### Directions
An exact reproduction of all the entries below is required.
↓↓↓
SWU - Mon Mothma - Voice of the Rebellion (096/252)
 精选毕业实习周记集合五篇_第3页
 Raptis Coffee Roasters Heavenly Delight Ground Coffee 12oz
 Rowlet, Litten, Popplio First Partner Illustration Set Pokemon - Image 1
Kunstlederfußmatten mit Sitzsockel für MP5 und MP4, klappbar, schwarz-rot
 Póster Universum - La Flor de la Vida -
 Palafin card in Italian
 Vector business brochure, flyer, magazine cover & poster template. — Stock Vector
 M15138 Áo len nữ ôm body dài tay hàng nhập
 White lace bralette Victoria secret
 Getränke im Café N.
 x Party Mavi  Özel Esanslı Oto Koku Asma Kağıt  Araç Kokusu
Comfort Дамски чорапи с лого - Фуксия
↑↑↑
### Result below
SWU - Mon Mothma - Voice of the Rebellion (096/252)
 精选毕业实习周记集合五篇_第3页
 Raptis Coffee Roasters Heavenly Delight Ground Coffee 12oz
 Rowlet, Litten, Popplio First Partner Illustration Set Pokemon - Image 1
Kunstlederfußmatten mit Sitzsockel für MP5 und MP4, klappbar, schwarz-rot
 Póster Universum - La Flor de la Vida -
 Palafin card in Italian
 Vector business brochure, flyer, magazine cover & poster template. — Stock Vector
 M15138 Áo len nữ ôm body dài tay hàng nhập
 White lace bralette Victoria secret
 Getränke im Café N.
 x Party Mavi  Özel Esanslı Oto Koku Asma Kağıt  Araç Kokusu
Comfort Дамски чорапи с лого - Фуксия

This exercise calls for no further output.